Vital news for battery fanatics: At a time researchers around the world are attempting to discover a breakthrough super-battery to bring electric cars to the masses, there is unusual interest in every detail about the $35,000 Model 3, which was launched July 28.
It's not clear why Tesla and CEO Elon Musk have been all-but silent about the battery, the car's most important spec, given that they have released at least bare-bones detail as a matter of course about its other vehicles. Tesla did not respond to emails from Axios about the battery.
But Venkat Viswanathan, a professor at Carnegie-Mellon University, said the car's 220-mile version appears to be powered by a 53.5 kWh battery, just smaller than the 60 kWh version in the smallest Model S battery. The Model 3's longer-range 310-mile version appears to have a 79 kWh battery. His findings — based on the general characteristics of the Model 3 that Tesla has released — generally jibe with estimates by some Tesla observers.

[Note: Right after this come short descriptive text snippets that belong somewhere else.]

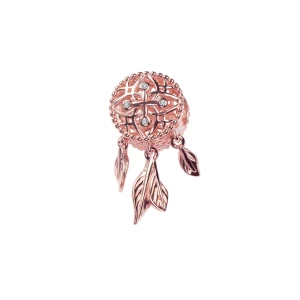 Beads srebrny pokryty różowym złotem z cyrkoniami - łapacz snów - Dots Dots - Biżuteria YES
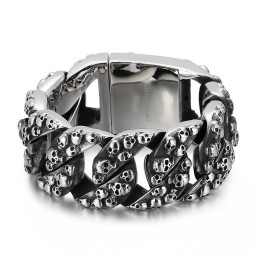 Overdrevet Elegant Kranium Titanium Armbånd Til Mænd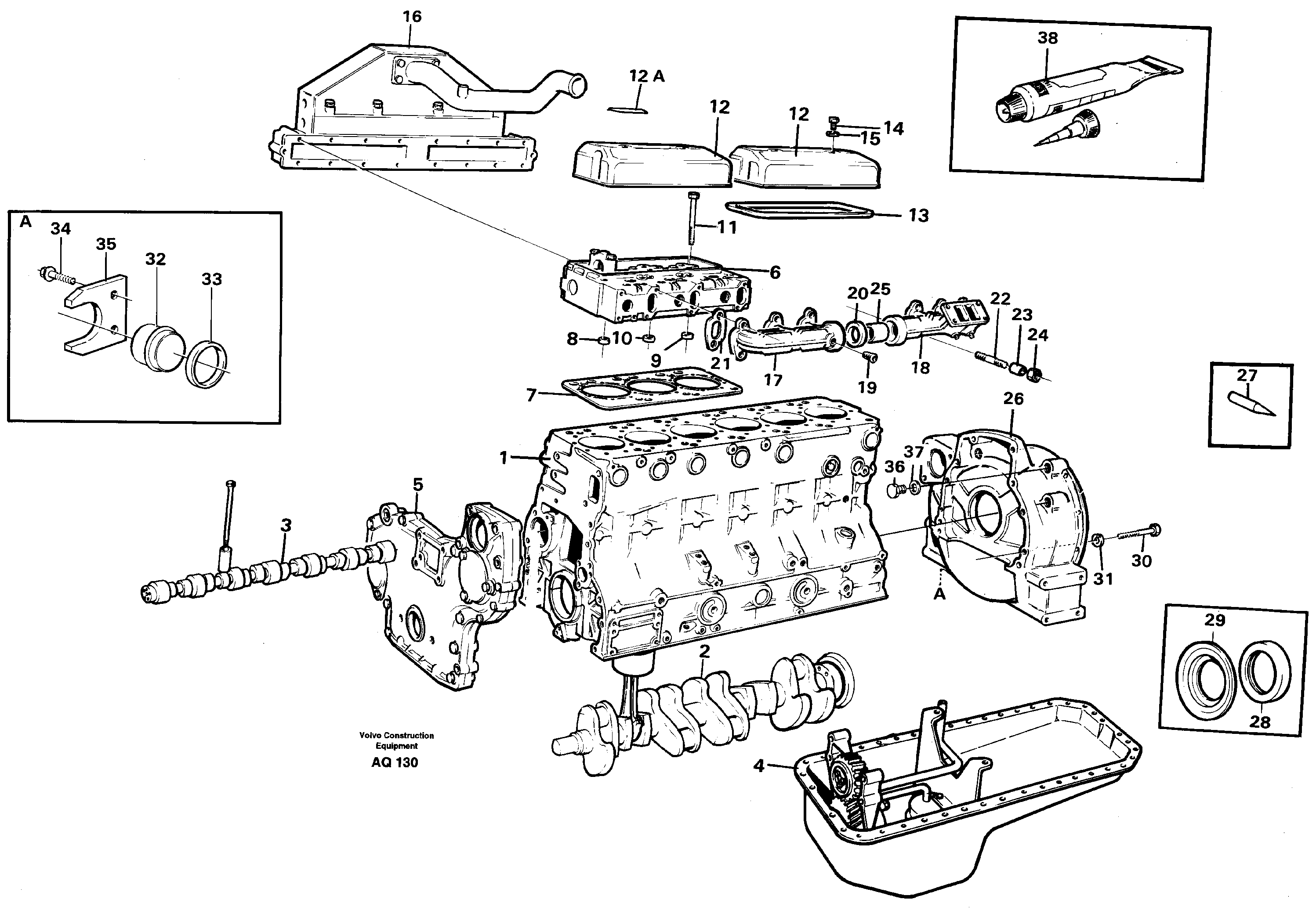 Схема запчастей Volvo L120C - 54626 Engine with fitting parts L120C S/N 11319-SWE, S/N 61677-USA, S/N 70075-BRA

Update: Tesla's EPA certification, published today at Electrek, shows that Viswanathan's team estimate was spot on.
A surprise about the Model 3: "One really interesting point is that Model 3 has among the lowest drag coefficients of all passenger sedans, let alone in this price range," Viswanathan tells Axios. The drag coefficient — how easily the car can move through the wind — is measured at 0.23, compared with .24 for the Model S, which already had among the lowest.
Why it matters: The low drag coefficient means the car gets more energy out of a relatively small battery. And the smaller battery reduces the weight and price of the car, which is Musk's goal in attempting to create a big-selling mainstream electric.